> RECORDED DATA:

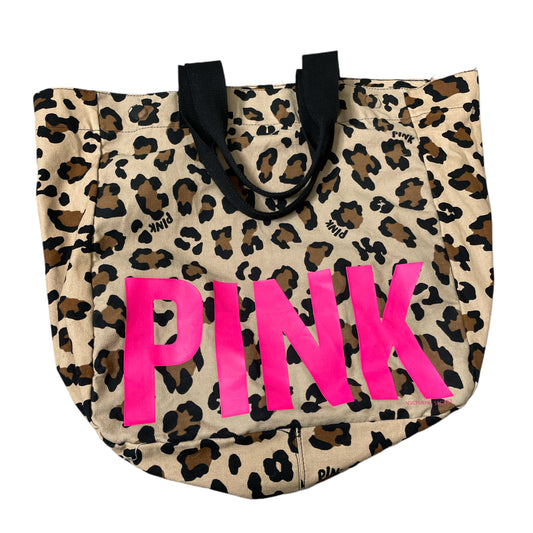 PINK Leopard Tote Bag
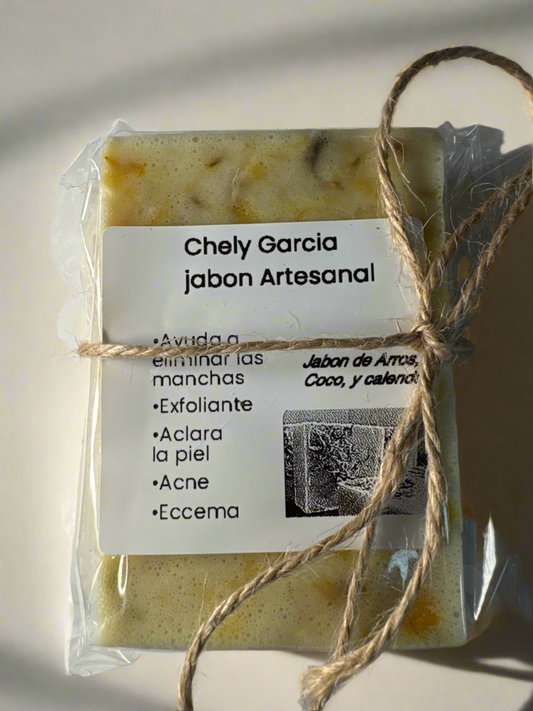 Jabon de arros coco y calendula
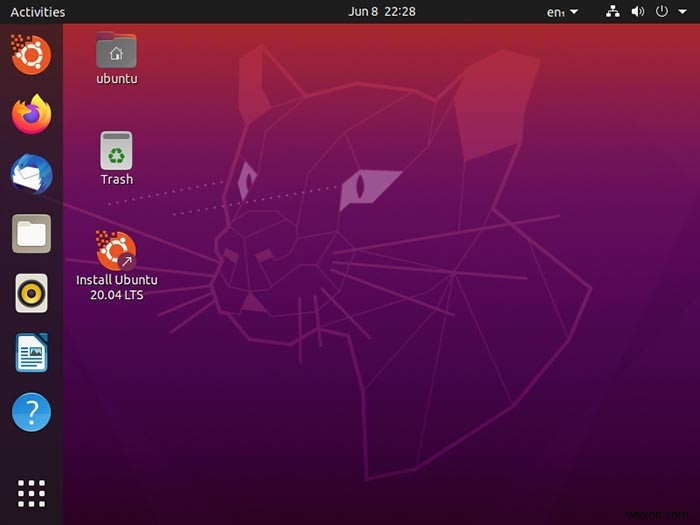 Ubuntu를 설치하지 않고 사용하는 방법 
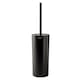 image 1 of COSMIC Toilet brush Matt black, Wall/Freestanding Self-Adhesive Start Collection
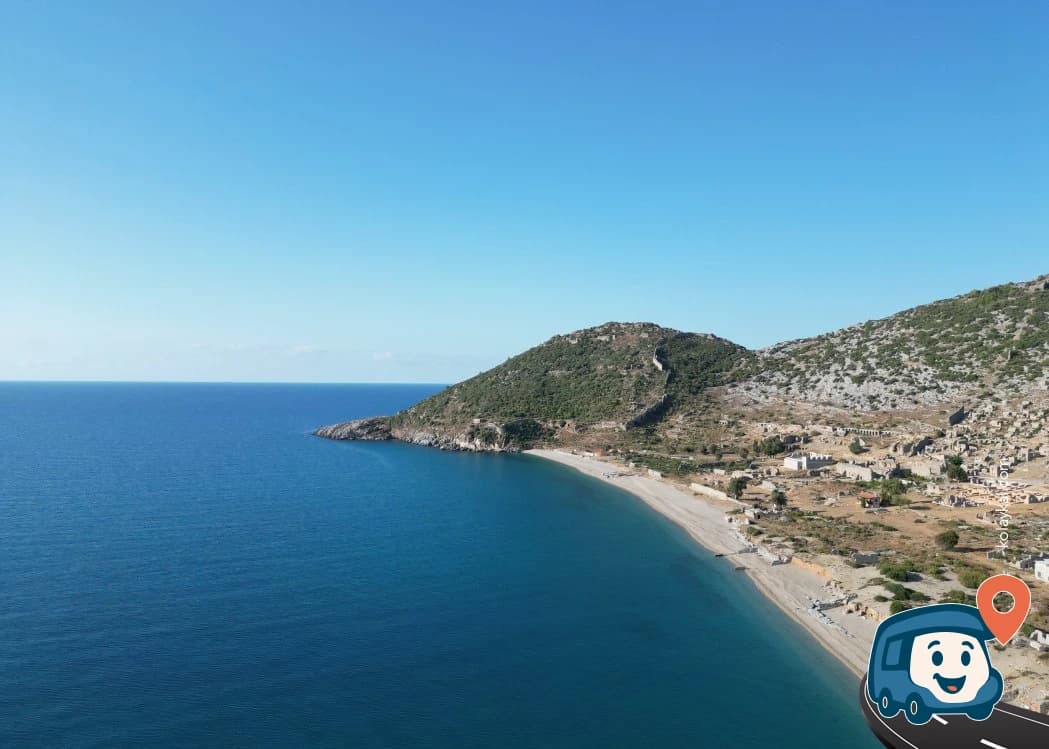 Kıbrıs Su Hattı Plajı ve Kamp Alanı - Anamur, Mersin, foto 2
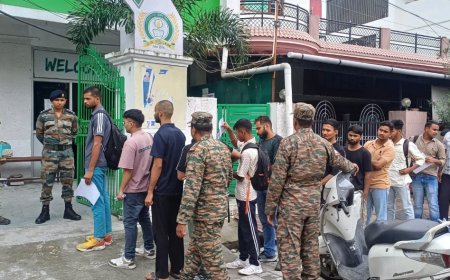 भारतीय सेना की अग्निवीर ऑनलाइन भर्ती परीक्षा: युवाओं के अवसरों का नया द्वार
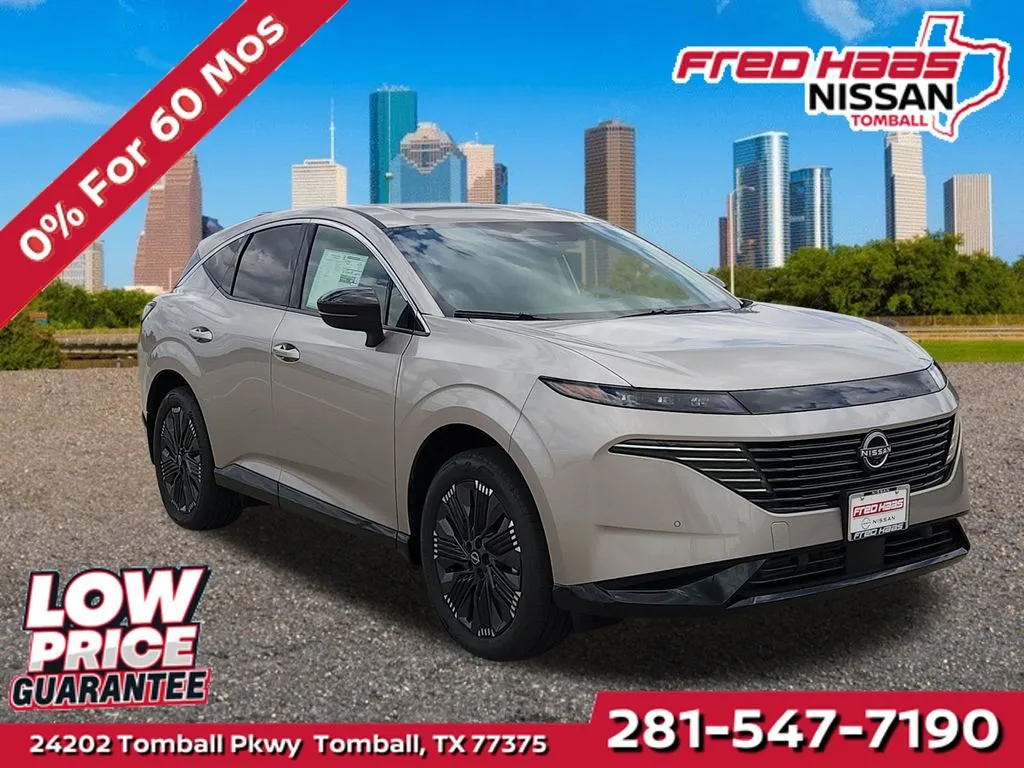 Silver 2026 Nissan Murano Platinum AWD for sale in Tomball, TX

> WORK ORDER: Could you set down word for word each line from the one holding "भारतीय सेना की" through the end of the material above, without any pictures?

> RESULT OF THIS TASK:
 भारतीय सेना की अग्निवीर ऑनलाइन भर्ती परीक्षा: युवाओं के अवसरों का नया द्वार
 Silver 2026 Nissan Murano Platinum AWD for sale in Tomball, TX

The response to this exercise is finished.